No Conservative can feel happy about the end of ship-building at Portsmouth. This is the end of an 800-year era. When Philip Hammond announced the decision to the Commons yesterday, he admitted that it will be “a harsh blow” to the port.
All is not lost at Portsmouth: as Hammond went on to say, “Portsmouth will remain one of two home ports for the Navy’s surface fleet, and will continue to undertake the vital support and maintenance work that sustains our most complex warships, including the Type 45 destroyers and, of course, the aircraft carriers themselves. Indeed, with both carriers based in Portsmouth, the tonnage of naval vessels based in the port will be at its highest level since the early 1960s, sustaining a total of around 11,000 jobs in the dockyards and related activities.”
But the Clyde has won the battle to build our future warships. It is, however, clear that this victory is conditional on Scotland remaining part of the United Kingdom. One can see why supporters of Portsmouth feel aggrieved that the decision to give these orders to the Clyde has been affected by the wider consideration of the future of the Union between England and Scotland.
In his statement, Hammond mounted a successful business case for what he proposes to do. He pointed out that Labour blundered in 2008 by placing an order for the aircraft carriers “before the ship had been designed…anybody who has ever tried to place a contract to build a house before the house has been designed will know that this is a licence to print money for the contractor”.
Before you order something, you have to work out exactly what you can afford: a simple truth which has often been avoided at the Ministry of Defence. Nor can one say that the tradition of ordering more than we can actually pay for is definitively at an end. We shall have to wait for the 2015 defence review to see whether the second aircraft carrier will be brought into service, or whether Portsmouth will have the privilege of preserving it in a mothballed state.
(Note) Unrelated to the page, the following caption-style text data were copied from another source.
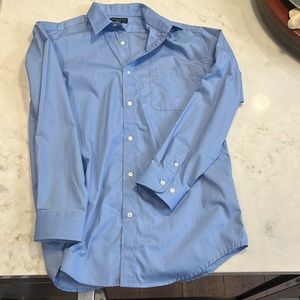 NEW 1670 Lord Taylor Dress Shirt Long Sleeve Button Cuffs Blue Size 16  32/33"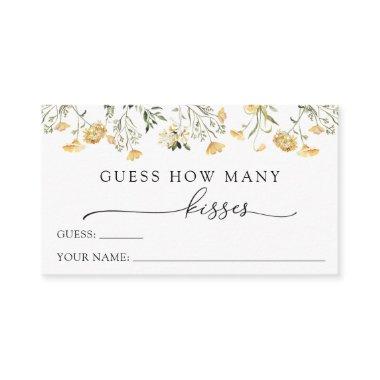 Delicate Yellow Wildflower Guess How Many Kisses Enclosure Invitations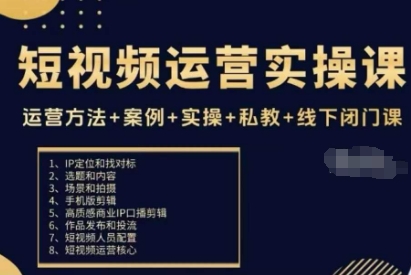 短视频运营实操课，运营方法+案例+实操+私教+线下闭门课-翻身站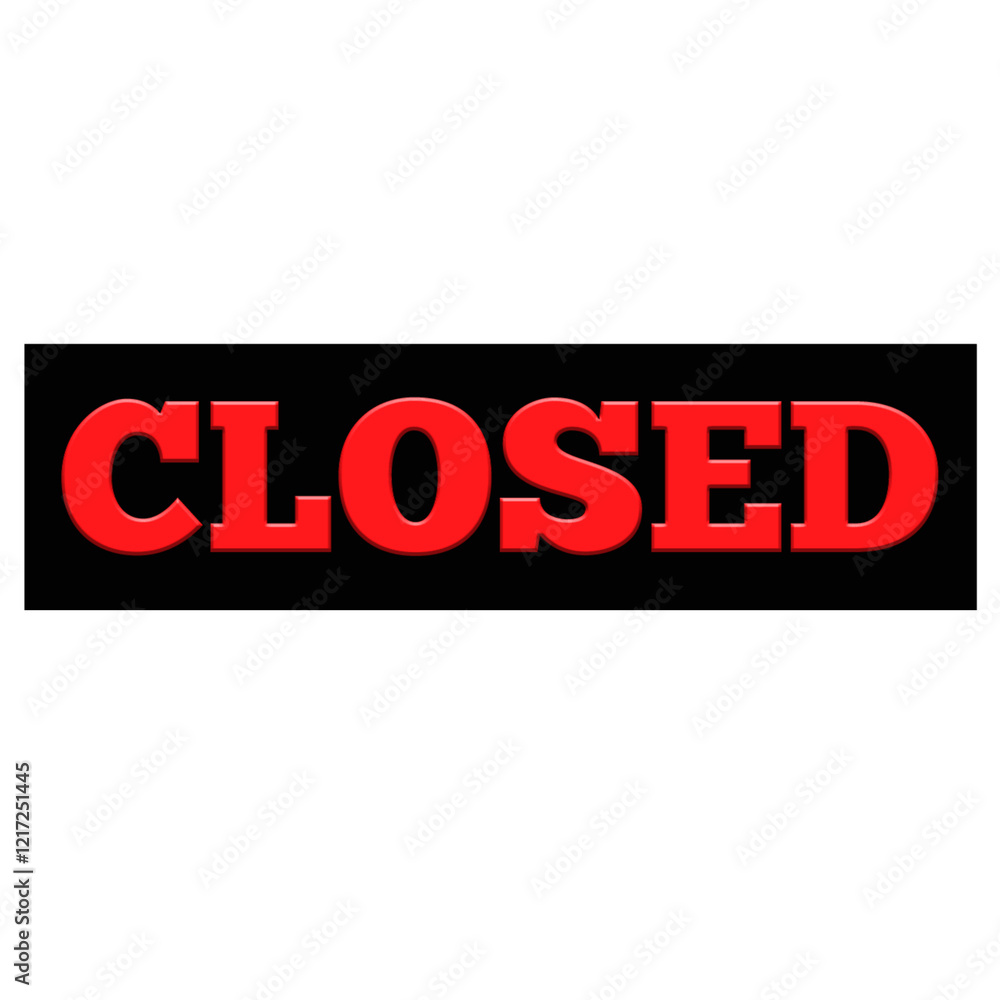 3d render design text 'closed' red color black background 3d render design text 'closed' red color black background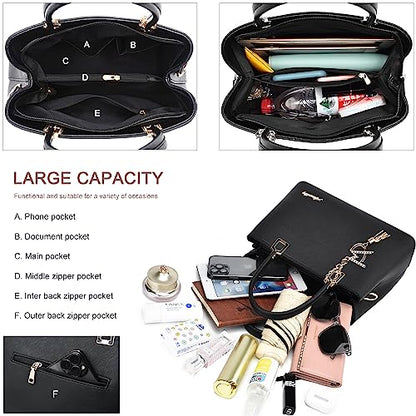 Womens Purses and Handbags Shoulder Bags Ladies Designer Top Handle Satchel Tote Bag - color: Coffee
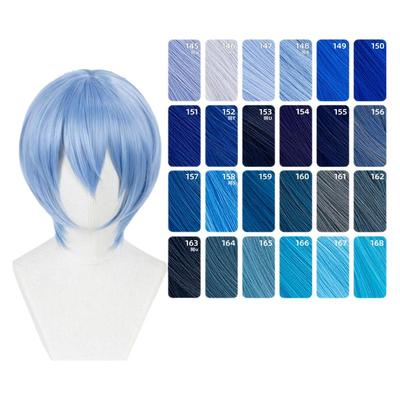 ND家万用头皮顶MSN短发145-168色cos假发深浅湖水靛蓝紫青兰收脸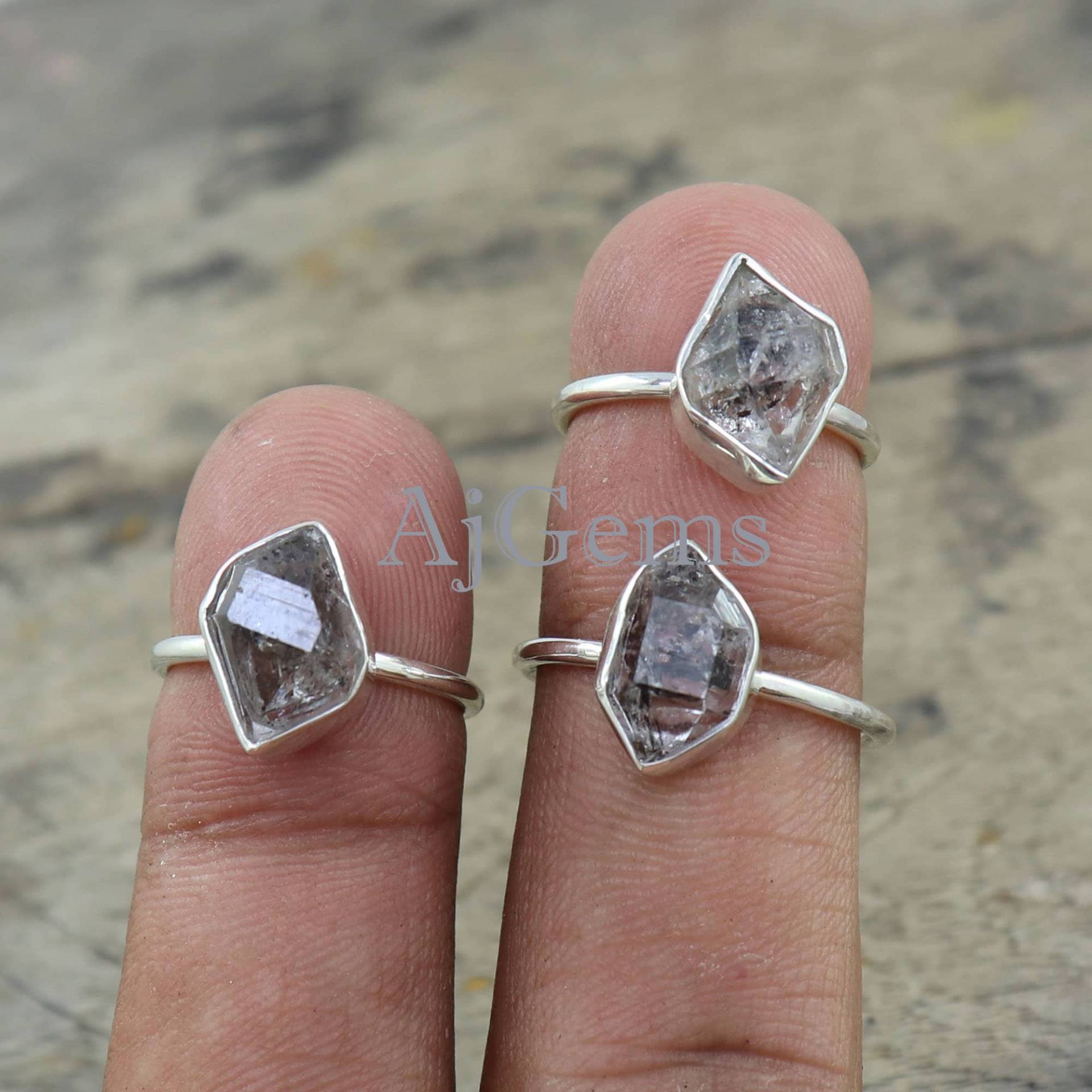 Herkimer Diamant Ring, Rohdiamant Heilstein Frauen 925 Silberring, Valentinstag Geschenk Ring von AJGEMJEWELS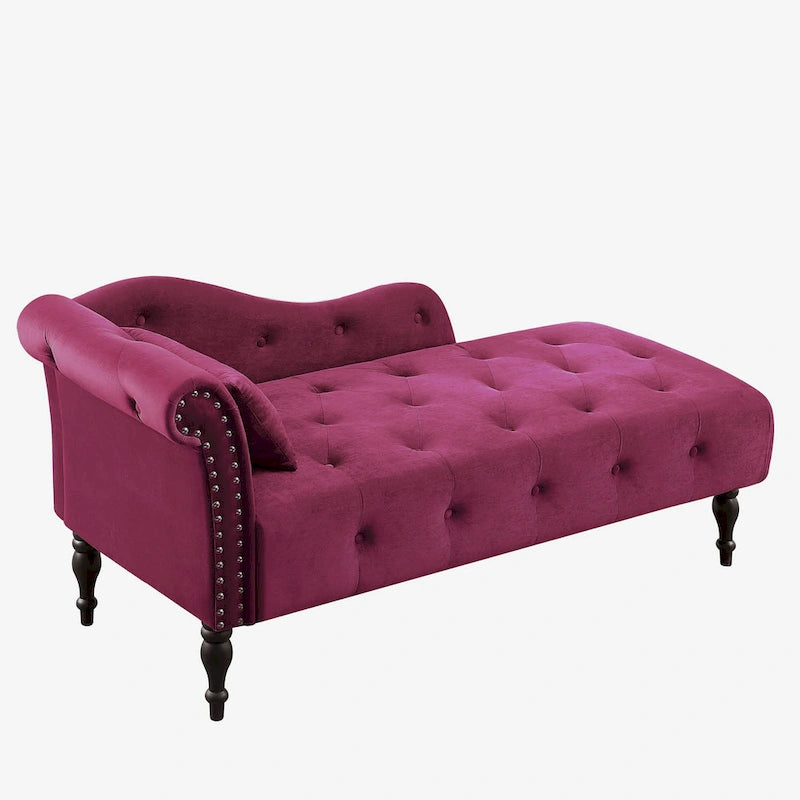 Chaise longue con tappezzeria capitonné in velluto rosa / bianco / blu / grigio / bordeaux, 1 posto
By maintaining ship-building on the Clyde, the Government has taken a decision which is defensible in business terms, and has avoided handing a pre-referendum gift to the Scottish National Party. But much hard work will be needed by Conservatives on the south coast of England in order to prevent the end of ship-building at Portsmouth becoming, as one correspondent in this morning’s Times calls it, “a gift to UKIP”.